One curiosity is that all of our three main political parties are committed to increasing overseas aid by £4 billion a year by 2013.
If we have an area where we spend money most inefficiently then this area is a candidate, indeed there are arguments against aid per se. I do not mean say helping the victims of natural disasters I mean aid to help nations economically some of which goes to nations who are doing quite well such as Singapore.
A much bigger issue is excluding the National Health Service from the review. As we spend a vast amount on it there are likely to be many inefficiencies in its structure and perhaps it is too a candidate for most inefficient area. To my mind one cannot exclude an area which was 24% of central government spending last year or some £120 billion. This is a political points-scoring initiative which is poor economics to my mind.

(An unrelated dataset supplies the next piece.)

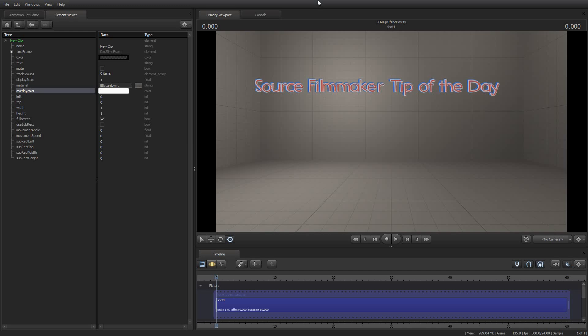Greetings, my friends. Jimmer Lenz here with your Source Filmmaker Tip of the Day. Today is Tip of the Day number 34. As always, thank you for tuning in, for subscribing to my YouTube channel, and for all the great feedback and comments. I really appreciate it.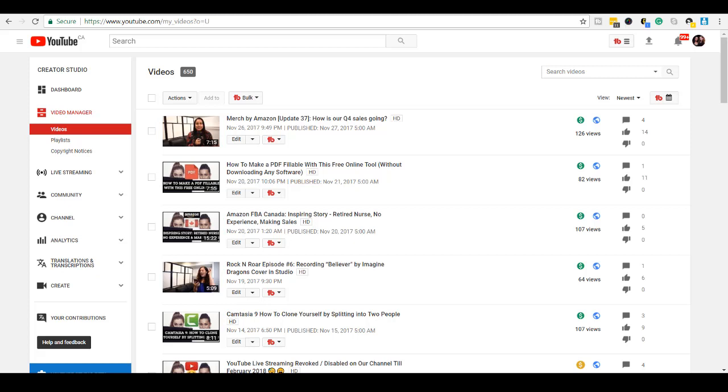Hey guys, how's it going? It's Jewel Tolentino here. Alright, so in this video, I'm going to be showing you guys the new YouTube Creator Studio.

The Strategic Defence Review.
My thoughts in this area are influenced by a book on this subject which I read a few years ago by Lewis Page. I do not agree with everything that he writes but there are some excellent ideas in it. These influence what I am about to write now and I would also point out that such a review was not easy and was not helped by the fact that the previous government had not had one since 1998 in spite of our involvement in two wars. Thinking of that again it does look somewhat shocking and shameful.
1. The Royal Air Force has had a victory in that its force of Tornado GR4 bombers to survive. Whilst they can do battlefield support they were designed for deep-strike duties against the Russians in what the first Gulf War proved would have been a suicidal plan. However we are scrapping our far more flexible Harrier force. Indeed our GR9 Harriers, operated by Navy and RAF squadrons, are primarily ground-attack planes which is exactly what is required in Afghanistan right now and in fact in virtually every war we have ever been in.
2. If that mistake was not already rather obvious it has been combined with the fact that our 2 new aircraft carriers will lack any fighter jets for some ten years. Whilst the Harriers are not pure fighter jets a previous version did rather well in the Falklands conflict if you recall….
3. We seem to be forever buying equipment and then ending up scrapping it on the grounds that we cannot afford it. Is there are more ridiculous way of operating? This is not the present governments fault (yet) but both types of previous government and indeed the Commons Select Committee has serious questions to answer here.
So just some thoughts and I have a further piece of news for you which I got from Mr.Page on the fourth of this month.
The Royal Navy’s new £1bn+ Type 45 destroyers, which have been in service for several years (the first is already on her second captain), have finally achieved a successful firing of their primary armament.
So to add to carriers without plans we have also had billion pound destroyers with no missiles for the past couple of years. Truly life is sometimes even stranger than fiction…More seriously it highlights the extremely serious problems at the Ministry of Defence and how fundamental change is required.